Work request -
Print every line below exactly. Skip the pictures.

*** Opening Data ***

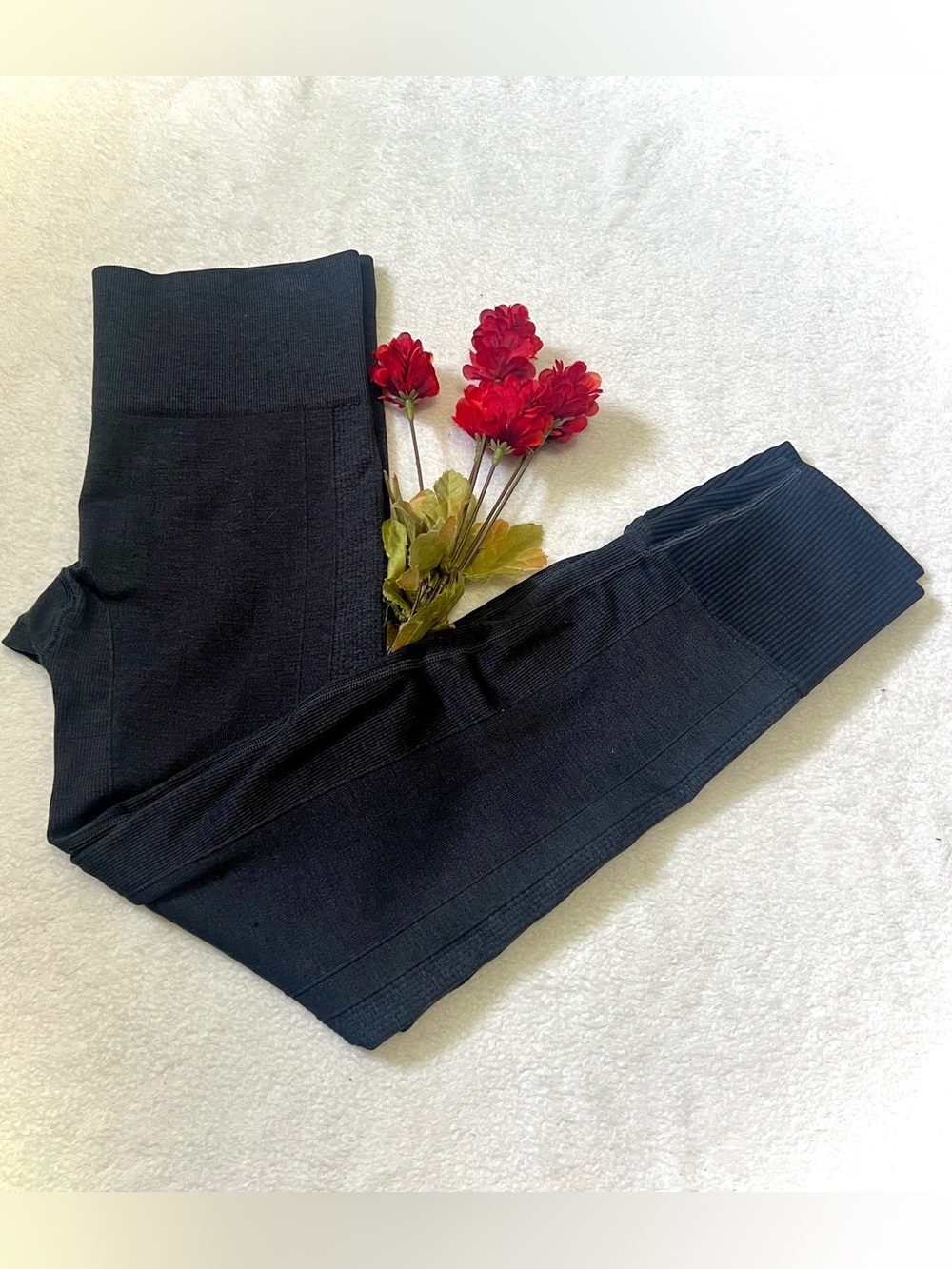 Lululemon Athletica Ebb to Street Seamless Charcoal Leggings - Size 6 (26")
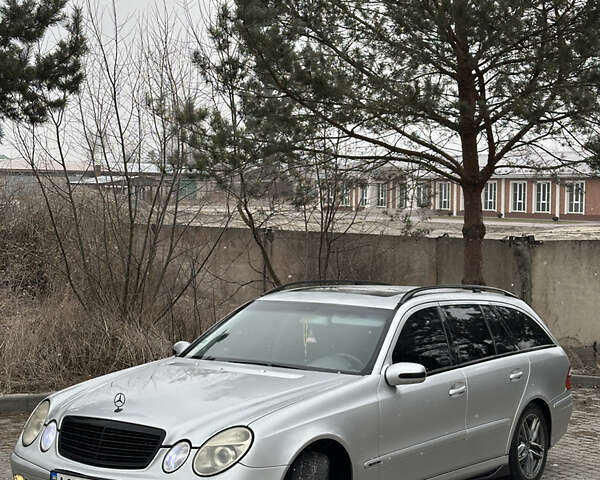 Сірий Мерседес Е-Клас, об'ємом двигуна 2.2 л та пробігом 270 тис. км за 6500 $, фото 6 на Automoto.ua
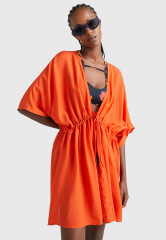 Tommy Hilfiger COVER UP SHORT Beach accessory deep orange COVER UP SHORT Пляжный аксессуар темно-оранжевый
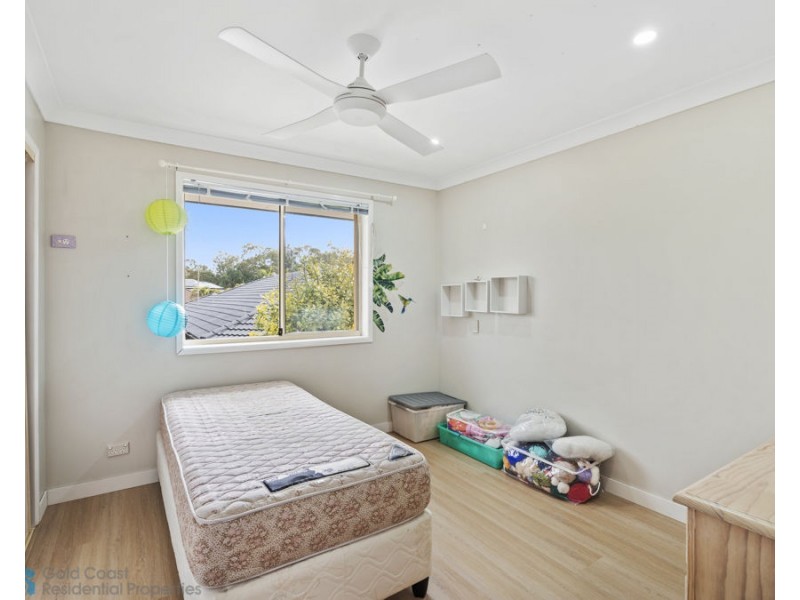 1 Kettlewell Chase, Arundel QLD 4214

*** Closing Data ***

Answer to the problem -
 Lululemon Athletica Ebb to Street Seamless Charcoal Leggings - Size 6 (26")
 Сірий Мерседес Е-Клас, об'ємом двигуна 2.2 л та пробігом 270 тис. км за 6500 $, фото 6 на Automoto.ua
 Tommy Hilfiger COVER UP SHORT Beach accessory deep orange COVER UP SHORT Пляжный аксессуар темно-оранжевый
 1 Kettlewell Chase, Arundel QLD 4214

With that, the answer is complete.